## Task
Reproduce the entries exactly as they appear below.

----

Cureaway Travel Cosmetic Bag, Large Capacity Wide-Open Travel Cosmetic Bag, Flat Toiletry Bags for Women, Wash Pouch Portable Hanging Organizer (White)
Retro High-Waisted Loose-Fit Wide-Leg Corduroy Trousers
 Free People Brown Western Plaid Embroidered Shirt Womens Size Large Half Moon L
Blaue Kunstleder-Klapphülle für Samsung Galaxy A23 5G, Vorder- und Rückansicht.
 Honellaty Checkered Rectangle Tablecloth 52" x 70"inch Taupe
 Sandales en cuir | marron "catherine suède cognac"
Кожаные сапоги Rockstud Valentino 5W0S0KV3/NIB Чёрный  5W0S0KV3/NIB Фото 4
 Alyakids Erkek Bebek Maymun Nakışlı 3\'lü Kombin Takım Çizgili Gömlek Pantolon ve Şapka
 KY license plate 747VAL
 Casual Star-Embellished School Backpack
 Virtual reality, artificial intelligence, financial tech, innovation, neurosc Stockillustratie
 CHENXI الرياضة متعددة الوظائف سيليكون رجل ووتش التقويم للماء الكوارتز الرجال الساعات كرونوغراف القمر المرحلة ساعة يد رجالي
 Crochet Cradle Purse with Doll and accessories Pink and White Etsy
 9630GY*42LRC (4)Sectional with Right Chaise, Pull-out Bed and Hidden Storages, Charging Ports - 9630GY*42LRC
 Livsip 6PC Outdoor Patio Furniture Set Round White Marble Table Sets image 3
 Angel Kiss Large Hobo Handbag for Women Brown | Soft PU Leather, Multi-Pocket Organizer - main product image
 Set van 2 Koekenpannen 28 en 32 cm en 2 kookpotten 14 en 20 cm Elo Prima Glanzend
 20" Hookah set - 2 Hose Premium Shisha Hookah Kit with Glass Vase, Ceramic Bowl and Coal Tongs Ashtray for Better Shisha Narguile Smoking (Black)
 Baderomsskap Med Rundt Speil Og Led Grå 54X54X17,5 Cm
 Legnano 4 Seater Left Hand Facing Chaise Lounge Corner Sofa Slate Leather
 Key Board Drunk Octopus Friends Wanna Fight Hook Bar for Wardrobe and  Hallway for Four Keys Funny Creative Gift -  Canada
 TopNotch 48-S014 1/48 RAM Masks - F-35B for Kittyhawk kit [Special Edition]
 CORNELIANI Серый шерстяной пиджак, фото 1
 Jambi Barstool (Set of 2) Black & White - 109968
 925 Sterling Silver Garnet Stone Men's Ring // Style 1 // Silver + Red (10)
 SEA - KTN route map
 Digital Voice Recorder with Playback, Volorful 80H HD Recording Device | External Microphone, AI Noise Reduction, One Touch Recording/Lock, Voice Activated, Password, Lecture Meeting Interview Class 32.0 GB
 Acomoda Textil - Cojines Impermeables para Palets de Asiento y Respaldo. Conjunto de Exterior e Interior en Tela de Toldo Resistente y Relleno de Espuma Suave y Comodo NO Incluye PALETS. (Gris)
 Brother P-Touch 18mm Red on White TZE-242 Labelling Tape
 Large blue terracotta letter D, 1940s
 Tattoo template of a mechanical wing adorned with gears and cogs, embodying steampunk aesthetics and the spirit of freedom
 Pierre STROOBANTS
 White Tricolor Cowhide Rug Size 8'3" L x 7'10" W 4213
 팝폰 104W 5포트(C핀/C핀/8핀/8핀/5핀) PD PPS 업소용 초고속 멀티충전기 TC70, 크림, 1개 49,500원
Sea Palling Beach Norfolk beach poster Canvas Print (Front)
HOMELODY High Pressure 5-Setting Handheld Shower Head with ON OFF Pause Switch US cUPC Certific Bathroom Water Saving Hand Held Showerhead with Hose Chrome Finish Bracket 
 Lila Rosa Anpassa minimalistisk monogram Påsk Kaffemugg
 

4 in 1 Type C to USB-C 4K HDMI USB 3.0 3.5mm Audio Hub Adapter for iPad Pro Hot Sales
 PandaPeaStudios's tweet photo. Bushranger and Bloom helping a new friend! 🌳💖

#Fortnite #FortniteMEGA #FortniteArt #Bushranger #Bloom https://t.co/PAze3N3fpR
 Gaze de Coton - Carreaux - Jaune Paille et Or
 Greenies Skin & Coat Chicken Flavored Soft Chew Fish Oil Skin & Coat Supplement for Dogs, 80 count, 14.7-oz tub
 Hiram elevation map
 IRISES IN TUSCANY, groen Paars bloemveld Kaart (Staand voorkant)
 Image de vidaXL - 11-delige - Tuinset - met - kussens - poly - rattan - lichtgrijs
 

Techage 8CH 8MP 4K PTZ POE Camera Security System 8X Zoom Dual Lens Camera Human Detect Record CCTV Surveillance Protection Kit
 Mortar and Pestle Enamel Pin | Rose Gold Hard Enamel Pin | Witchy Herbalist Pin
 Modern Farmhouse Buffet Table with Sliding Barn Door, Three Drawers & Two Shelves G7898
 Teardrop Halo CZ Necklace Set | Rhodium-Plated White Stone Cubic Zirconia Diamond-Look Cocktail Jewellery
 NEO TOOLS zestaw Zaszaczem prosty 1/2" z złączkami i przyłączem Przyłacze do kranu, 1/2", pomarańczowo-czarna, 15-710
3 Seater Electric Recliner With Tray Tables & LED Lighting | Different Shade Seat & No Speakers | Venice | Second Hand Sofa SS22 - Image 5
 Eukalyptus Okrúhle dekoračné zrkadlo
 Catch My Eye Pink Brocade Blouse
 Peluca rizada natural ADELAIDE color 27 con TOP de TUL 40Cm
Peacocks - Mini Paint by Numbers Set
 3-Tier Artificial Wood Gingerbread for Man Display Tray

----

## Task response
Cureaway Travel Cosmetic Bag, Large Capacity Wide-Open Travel Cosmetic Bag, Flat Toiletry Bags for Women, Wash Pouch Portable Hanging Organizer (White)
Retro High-Waisted Loose-Fit Wide-Leg Corduroy Trousers
 Free People Brown Western Plaid Embroidered Shirt Womens Size Large Half Moon L
Blaue Kunstleder-Klapphülle für Samsung Galaxy A23 5G, Vorder- und Rückansicht.
 Honellaty Checkered Rectangle Tablecloth 52" x 70"inch Taupe
 Sandales en cuir | marron "catherine suède cognac"
Кожаные сапоги Rockstud Valentino 5W0S0KV3/NIB Чёрный  5W0S0KV3/NIB Фото 4
 Alyakids Erkek Bebek Maymun Nakışlı 3\'lü Kombin Takım Çizgili Gömlek Pantolon ve Şapka
 KY license plate 747VAL
 Casual Star-Embellished School Backpack
 Virtual reality, artificial intelligence, financial tech, innovation, neurosc Stockillustratie
 CHENXI الرياضة متعددة الوظائف سيليكون رجل ووتش التقويم للماء الكوارتز الرجال الساعات كرونوغراف القمر المرحلة ساعة يد رجالي
 Crochet Cradle Purse with Doll and accessories Pink and White Etsy
 9630GY*42LRC (4)Sectional with Right Chaise, Pull-out Bed and Hidden Storages, Charging Ports - 9630GY*42LRC
 Livsip 6PC Outdoor Patio Furniture Set Round White Marble Table Sets image 3
 Angel Kiss Large Hobo Handbag for Women Brown | Soft PU Leather, Multi-Pocket Organizer - main product image
 Set van 2 Koekenpannen 28 en 32 cm en 2 kookpotten 14 en 20 cm Elo Prima Glanzend
 20" Hookah set - 2 Hose Premium Shisha Hookah Kit with Glass Vase, Ceramic Bowl and Coal Tongs Ashtray for Better Shisha Narguile Smoking (Black)
 Baderomsskap Med Rundt Speil Og Led Grå 54X54X17,5 Cm
 Legnano 4 Seater Left Hand Facing Chaise Lounge Corner Sofa Slate Leather
 Key Board Drunk Octopus Friends Wanna Fight Hook Bar for Wardrobe and  Hallway for Four Keys Funny Creative Gift -  Canada
 TopNotch 48-S014 1/48 RAM Masks - F-35B for Kittyhawk kit [Special Edition]
 CORNELIANI Серый шерстяной пиджак, фото 1
 Jambi Barstool (Set of 2) Black & White - 109968
 925 Sterling Silver Garnet Stone Men's Ring // Style 1 // Silver + Red (10)
 SEA - KTN route map
 Digital Voice Recorder with Playback, Volorful 80H HD Recording Device | External Microphone, AI Noise Reduction, One Touch Recording/Lock, Voice Activated, Password, Lecture Meeting Interview Class 32.0 GB
 Acomoda Textil - Cojines Impermeables para Palets de Asiento y Respaldo. Conjunto de Exterior e Interior en Tela de Toldo Resistente y Relleno de Espuma Suave y Comodo NO Incluye PALETS. (Gris)
 Brother P-Touch 18mm Red on White TZE-242 Labelling Tape
 Large blue terracotta letter D, 1940s
 Tattoo template of a mechanical wing adorned with gears and cogs, embodying steampunk aesthetics and the spirit of freedom
 Pierre STROOBANTS
 White Tricolor Cowhide Rug Size 8'3" L x 7'10" W 4213
 팝폰 104W 5포트(C핀/C핀/8핀/8핀/5핀) PD PPS 업소용 초고속 멀티충전기 TC70, 크림, 1개 49,500원
Sea Palling Beach Norfolk beach poster Canvas Print (Front)
HOMELODY High Pressure 5-Setting Handheld Shower Head with ON OFF Pause Switch US cUPC Certific Bathroom Water Saving Hand Held Showerhead with Hose Chrome Finish Bracket 
 Lila Rosa Anpassa minimalistisk monogram Påsk Kaffemugg
 

4 in 1 Type C to USB-C 4K HDMI USB 3.0 3.5mm Audio Hub Adapter for iPad Pro Hot Sales
 PandaPeaStudios's tweet photo. Bushranger and Bloom helping a new friend! 🌳💖

#Fortnite #FortniteMEGA #FortniteArt #Bushranger #Bloom https://t.co/PAze3N3fpR
 Gaze de Coton - Carreaux - Jaune Paille et Or
 Greenies Skin & Coat Chicken Flavored Soft Chew Fish Oil Skin & Coat Supplement for Dogs, 80 count, 14.7-oz tub
 Hiram elevation map
 IRISES IN TUSCANY, groen Paars bloemveld Kaart (Staand voorkant)
 Image de vidaXL - 11-delige - Tuinset - met - kussens - poly - rattan - lichtgrijs
 

Techage 8CH 8MP 4K PTZ POE Camera Security System 8X Zoom Dual Lens Camera Human Detect Record CCTV Surveillance Protection Kit
 Mortar and Pestle Enamel Pin | Rose Gold Hard Enamel Pin | Witchy Herbalist Pin
 Modern Farmhouse Buffet Table with Sliding Barn Door, Three Drawers & Two Shelves G7898
 Teardrop Halo CZ Necklace Set | Rhodium-Plated White Stone Cubic Zirconia Diamond-Look Cocktail Jewellery
 NEO TOOLS zestaw Zaszaczem prosty 1/2" z złączkami i przyłączem Przyłacze do kranu, 1/2", pomarańczowo-czarna, 15-710
3 Seater Electric Recliner With Tray Tables & LED Lighting | Different Shade Seat & No Speakers | Venice | Second Hand Sofa SS22 - Image 5
 Eukalyptus Okrúhle dekoračné zrkadlo
 Catch My Eye Pink Brocade Blouse
 Peluca rizada natural ADELAIDE color 27 con TOP de TUL 40Cm
Peacocks - Mini Paint by Numbers Set
 3-Tier Artificial Wood Gingerbread for Man Display Tray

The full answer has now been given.